Turkish police were battling masked rioters on the streets of the restive district of Gazi in Istanbul on Sunday 26 July as riots stretched into a second day.

Journalists and activists on the scene posted videos and photographs of protesters hurling petrol bombs and rocks at riot police, who fired back with water-cannon and tear gas.

Gazi is a ultra-left wing district of Istanbul with a history of political activism and a stronghold of the outlawed Revolutionary People's Liberation Party - Front (DHKP - C).

The protests come after a massive anti-terror crackdown by the Turkish authorities that follows an Islamic State suicide bombing in Suruc earlier this week.

A police raid on Friday 24 July saw the death of Günay Özaslan, a DHKP-C activist in a shoot-out in the district.

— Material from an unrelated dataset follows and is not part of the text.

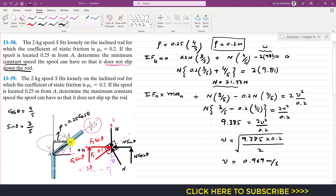If the spool is moving with a velocity of 0.969 m/s, it will not slip down the rod. So this is the minimum velocity.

Turkish media on the ground reported multiple clashes between protesters and police, with reports that at least one journalist had been injured.

Gazi is a restive working-class community with a history of anti-government activism. In 1995, four days of riots saw 23 people killed and thousands injured in some of the worst street violence Istanbul had seen for decades.

Critics have argued that Turkey's arrest of over 1,000 political dissidents across the ideological spectrum is a cynical exploitation of the bombing in Suruc.

Many feel that Turkey has aided Islamic State, believed to be responsible for the attack, by failing to secure its border with Syria and allowing foreign fighters and weapons to flow in to the country.

Turkey's bombing of Kurdistan Workers Party (PKK) camps in northern Iraq on Saturday 25 July has also provoked anger with the government given that the PKK and its Syrian arm, the YPG, is one of the only forces in Syria mounting a credible opposition to IS.

As a result of President Reccip Tayip Erdogan's increasingly divisive rule of the country, many left wing Turks have gravitated towards Kurdish parties including the HDP, which secured a history 13% of the vote in elections earlier this year.